Statalist


[Date Prev][Date Next][Thread Prev][Thread Next][Date index][Thread index]

Re: st: Using 2 stage Heckmen Sample Selection with Lags in STATA


From   "Seema Bhatia" <ler02sb@reading.ac.uk>
To   <statalist@hsphsun2.harvard.edu>
Subject   Re: st: Using 2 stage Heckmen Sample Selection with Lags in STATA
Date   Thu, 2 Aug 2007 16:17:32 +0100

Dear Austin

To answer you questions on non random data - I did ANOVA for the data and
that revealed that this pattern is non random. I know that endogeneity is a
problem, however, for me missing values is a greater problem and therefore
endogeniety has taken a back seat - there is enough complication within my
dataset to be able to deal a few problems at a time. Therefore although I
agree with you on the use of IV, it is the Heckman Sample Selection that is
priority. To be honest, how many pure exogenous instruments are out there
anyway? There is a lot of debate in trade literature about these models and
the current methodology seems to be best suited for the analysis.

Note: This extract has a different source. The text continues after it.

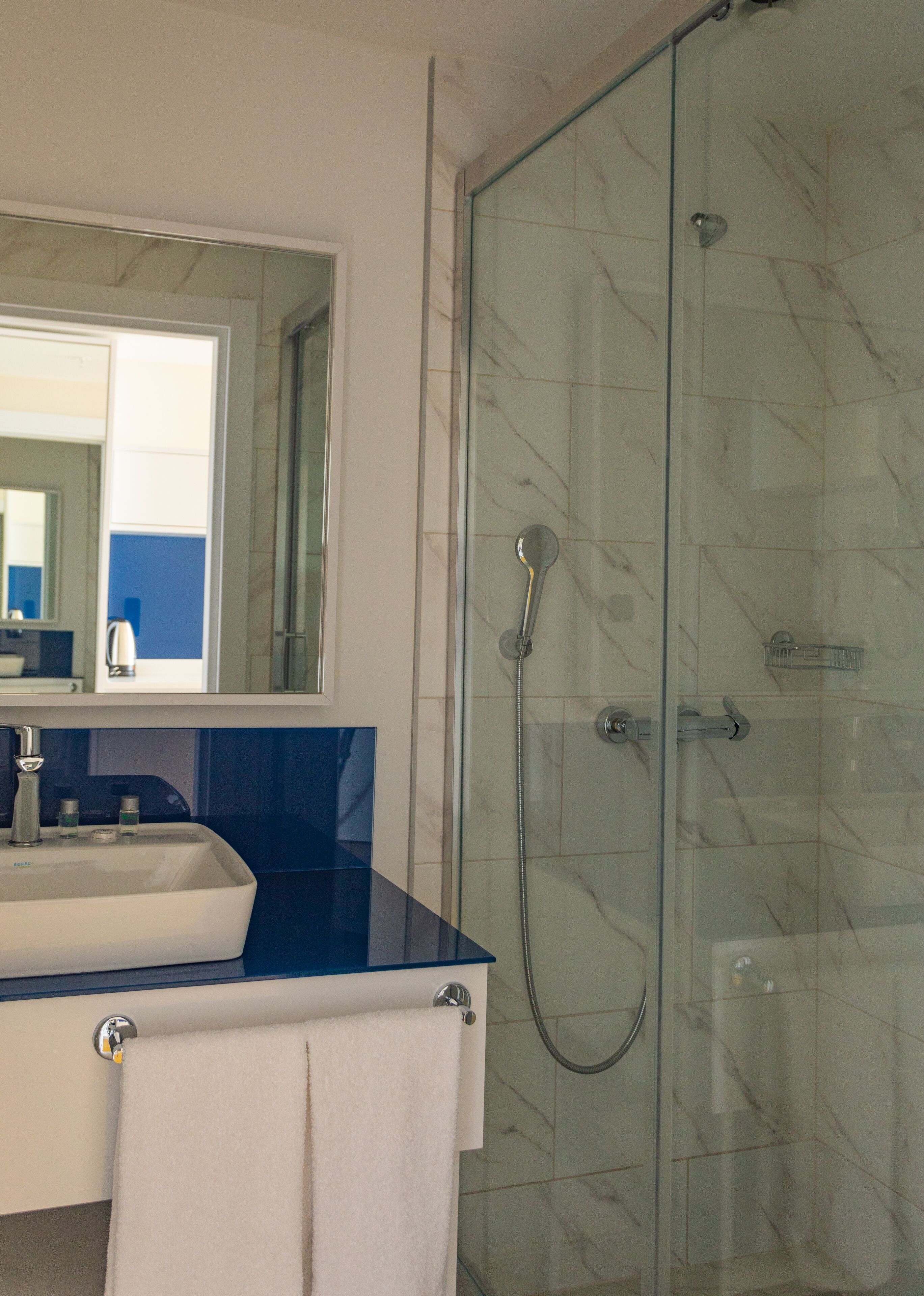 A bathroom with a glass-enclosed shower, a sink with a blue countertop, and a mirror above the sink.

It has been suggested to me that I use lags in order to take care of the
endogeniety issue but right now I will leave that a while too while I work
out other issues.

As far as the Hausman test goes, I used the same model that I intend to use
in my analysis (bilateral trade as a function of gdps, populations,
distance, contiguity, membership of agreements, infrastructure indices etc)
and tested for fixed effects, then random effects. therefore

xtreg dependentvar independentvar1 independentvar2 independentvar3 ... , fe
then
xtreg dependentvar independentvar1 independentvar2 independentvar3 ... , re

having stored both these, i went on to do the hausman test and got an
insignificant P-value, therefore justifying the use of random effects model.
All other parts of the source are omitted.